Herman’s anger took a left turn toward confusion. “Look here, I just come to talk about your fence.”
“I know. We’re neighbors. We need to talk these things out or else we’ll end up enemies. You know what the Good Book says.”
“You mean the Bible?” The mutt leaped forward and licked at Herman’s shoes. He looked down and saw dried oatmeal had formed white scabs on his trousers.
“It says to love thy neighbor.”
“It also says live and let live.”
“I hate to disagree since we’re trying to be friends, but that’s not written anywhere in the Bible. There’s an eye for an eye and a tooth for a tooth, but not a thing about live and let live.” Peter Reynolds opened the door wider. “Please come in. The neighbors might be watching.”
Herman took a long look behind him at the row of houses. They seemed too quiet, still, and dark. What if Peter Reynolds had been busy over the last day or two, and there were now a dozen mounds of raw earth at the foot of the backyard dogwood? Mrs. Breedlove’s legs tangled in the roots, the Pilkingtons with dirt in their lungs?
He stepped inside, surprised at how bright and neat the room was. He’d expected it to be dank and furnished with heavy vinyl pieces, the way it had been when Ned and Eileen lived here. But the hippie must have watched a few home improvement shows. The carpet was plush and the color of gunsmoke, the window treatments were light gray, and the trim was painted in white semi-gloss, giving the room the sort of forced order you’d expect in an FBI office or a doctor’s waiting room. A computer sat on a bleached oak desk, and the rest of the furniture was arranged around it. Herman peeked into the kitchen and didn’t see a single dirty dish.
“Have a seat,” Peter Reynolds said, motioning toward the couch. It looked like a regular-guy sort of couch, the kind where you could prop your feet on the arm rest and balance a bowl of chips on the back cushions, scratch your balls if you felt like it. Watch the Panthers whoop up on the 49ers. Except the hippie didn’t have a TV. All he had was the computer.
Herman sat, uncomfortable, wondering if dried mud filled the cracks on the bottoms of his shoes.
“You heard about Tennessee,” Peter Reynolds said.
“Did you kil
l her?”
“I’m surprised you’d ask something like that. I would have taken you for a man who minded his own business.”
“Did you bury her like you did the cat?”
“You should worry about your own problems instead of going around being suspicious of everybody.”
“I don’t have no problems.”
“That you’ll admit, anyway.”
“No worries nothing.”
“You’re old and alone and it’s slipping away. The last thing you have left to fight for is that patch of grass up there”—Peter Reynolds waved at the dark window in the direction of Herman’s house—”and a picket fence. And it’s getting harder to keep that fence standing straight, isn’t it? The winds keep coming, a little stronger every year, the snow leans on it, the neighborhood kids get a little bigger and bolder, and a fence starts looking like a dare instead of a warning. Yes, Mr. Weeks, I understand fences. I’m territorial myself.”

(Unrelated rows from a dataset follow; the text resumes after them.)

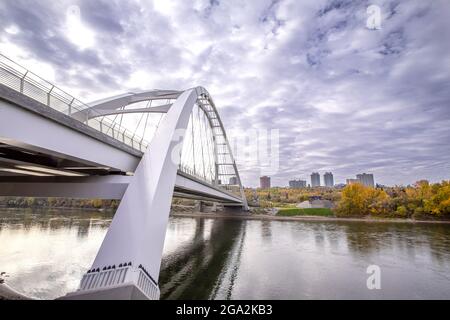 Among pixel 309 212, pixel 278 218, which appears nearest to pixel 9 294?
pixel 278 218

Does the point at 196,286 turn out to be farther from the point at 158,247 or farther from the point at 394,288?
the point at 394,288

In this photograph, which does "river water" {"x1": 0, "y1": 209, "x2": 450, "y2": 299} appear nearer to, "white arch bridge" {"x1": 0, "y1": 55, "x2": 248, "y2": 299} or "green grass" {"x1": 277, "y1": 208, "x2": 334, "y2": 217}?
"white arch bridge" {"x1": 0, "y1": 55, "x2": 248, "y2": 299}

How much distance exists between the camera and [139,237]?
17.4 feet

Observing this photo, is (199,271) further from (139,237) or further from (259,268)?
(139,237)

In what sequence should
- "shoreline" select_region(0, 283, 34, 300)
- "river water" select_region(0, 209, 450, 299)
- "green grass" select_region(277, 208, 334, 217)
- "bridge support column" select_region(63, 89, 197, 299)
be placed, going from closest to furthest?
"bridge support column" select_region(63, 89, 197, 299)
"shoreline" select_region(0, 283, 34, 300)
"river water" select_region(0, 209, 450, 299)
"green grass" select_region(277, 208, 334, 217)

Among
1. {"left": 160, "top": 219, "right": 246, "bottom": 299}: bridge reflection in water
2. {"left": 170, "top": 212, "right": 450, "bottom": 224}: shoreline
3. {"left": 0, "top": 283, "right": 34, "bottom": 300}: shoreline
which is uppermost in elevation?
{"left": 170, "top": 212, "right": 450, "bottom": 224}: shoreline

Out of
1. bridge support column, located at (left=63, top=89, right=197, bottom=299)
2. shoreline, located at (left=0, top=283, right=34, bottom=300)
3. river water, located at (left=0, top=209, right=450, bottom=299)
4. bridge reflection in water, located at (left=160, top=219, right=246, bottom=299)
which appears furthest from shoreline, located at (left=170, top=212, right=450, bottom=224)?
bridge support column, located at (left=63, top=89, right=197, bottom=299)

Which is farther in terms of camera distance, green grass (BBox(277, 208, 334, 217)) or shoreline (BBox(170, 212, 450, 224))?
green grass (BBox(277, 208, 334, 217))

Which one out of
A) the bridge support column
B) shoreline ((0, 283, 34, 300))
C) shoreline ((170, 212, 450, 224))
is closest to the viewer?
the bridge support column

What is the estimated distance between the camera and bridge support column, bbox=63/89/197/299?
4.39 meters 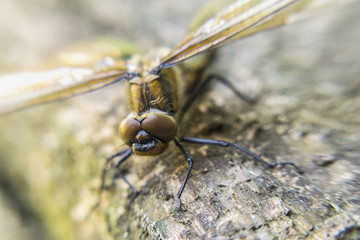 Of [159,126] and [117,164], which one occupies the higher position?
[159,126]

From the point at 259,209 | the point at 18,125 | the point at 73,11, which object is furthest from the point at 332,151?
the point at 73,11

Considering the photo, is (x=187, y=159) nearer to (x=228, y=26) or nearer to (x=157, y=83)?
(x=157, y=83)

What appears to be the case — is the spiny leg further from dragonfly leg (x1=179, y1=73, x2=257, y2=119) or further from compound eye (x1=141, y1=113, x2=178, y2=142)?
dragonfly leg (x1=179, y1=73, x2=257, y2=119)

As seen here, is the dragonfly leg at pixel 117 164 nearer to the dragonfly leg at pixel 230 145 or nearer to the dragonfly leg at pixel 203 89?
the dragonfly leg at pixel 230 145

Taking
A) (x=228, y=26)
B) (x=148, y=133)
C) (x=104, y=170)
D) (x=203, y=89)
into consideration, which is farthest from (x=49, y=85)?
(x=228, y=26)

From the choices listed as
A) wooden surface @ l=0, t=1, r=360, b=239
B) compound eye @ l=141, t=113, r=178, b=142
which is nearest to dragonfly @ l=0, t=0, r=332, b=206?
compound eye @ l=141, t=113, r=178, b=142

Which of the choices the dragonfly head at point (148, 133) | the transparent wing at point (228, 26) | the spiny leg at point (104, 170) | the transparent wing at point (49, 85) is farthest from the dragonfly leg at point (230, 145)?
the transparent wing at point (49, 85)

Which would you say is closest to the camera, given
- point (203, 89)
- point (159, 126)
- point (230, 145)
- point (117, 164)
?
point (159, 126) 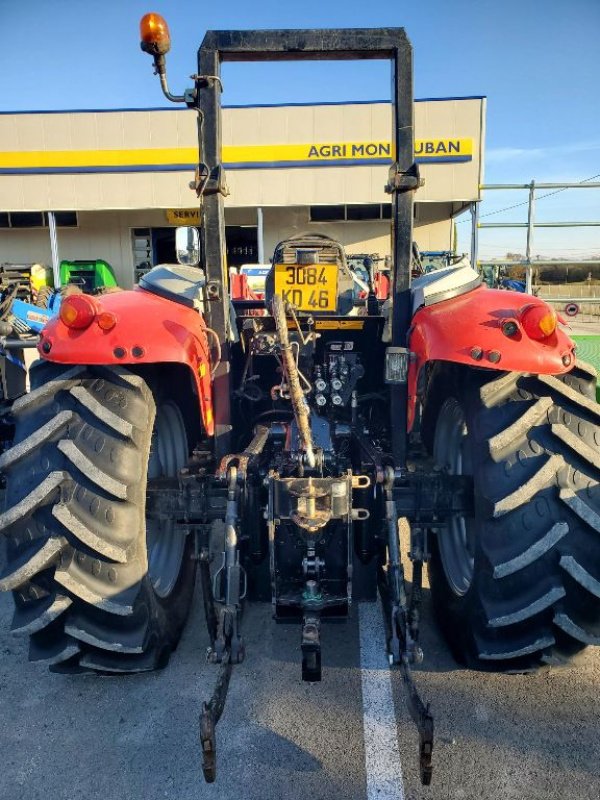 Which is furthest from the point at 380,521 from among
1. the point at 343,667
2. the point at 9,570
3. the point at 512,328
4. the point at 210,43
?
the point at 210,43

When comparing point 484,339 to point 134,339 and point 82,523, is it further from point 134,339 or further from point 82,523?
point 82,523

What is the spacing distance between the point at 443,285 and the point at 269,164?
16.5m

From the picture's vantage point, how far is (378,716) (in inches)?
98.4

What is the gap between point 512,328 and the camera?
2447 mm

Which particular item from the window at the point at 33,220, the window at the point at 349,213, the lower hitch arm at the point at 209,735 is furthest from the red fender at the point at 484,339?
the window at the point at 33,220

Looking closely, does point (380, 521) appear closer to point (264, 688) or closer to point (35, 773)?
point (264, 688)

The hippie’s gray eyes, which were the same color as the carpet, seemed far too old. “All I want is a place to spread out, a yard for my dog to dig in, a roof over my head, and no barbarians at the gate.”
“Barbarians at the gate,” Herman repeated, as if he had the slightest idea what the hippie was going on about. He had a fleeting image of one of those old chariot movies, where the Romans were always punished because of nailing Jesus to the cross. You never saw John Wayne in a toga, that was for sure. Charlton Heston, maybe, but that was a different nut altogether.
“I’m a loner like you,” Peter Reynolds went on, standing across the room even though his guest was sitting. “I take care of what’s mine. That’s why I was so upset when I saw you had fixed my leaning fence post. It was an insult, you see.”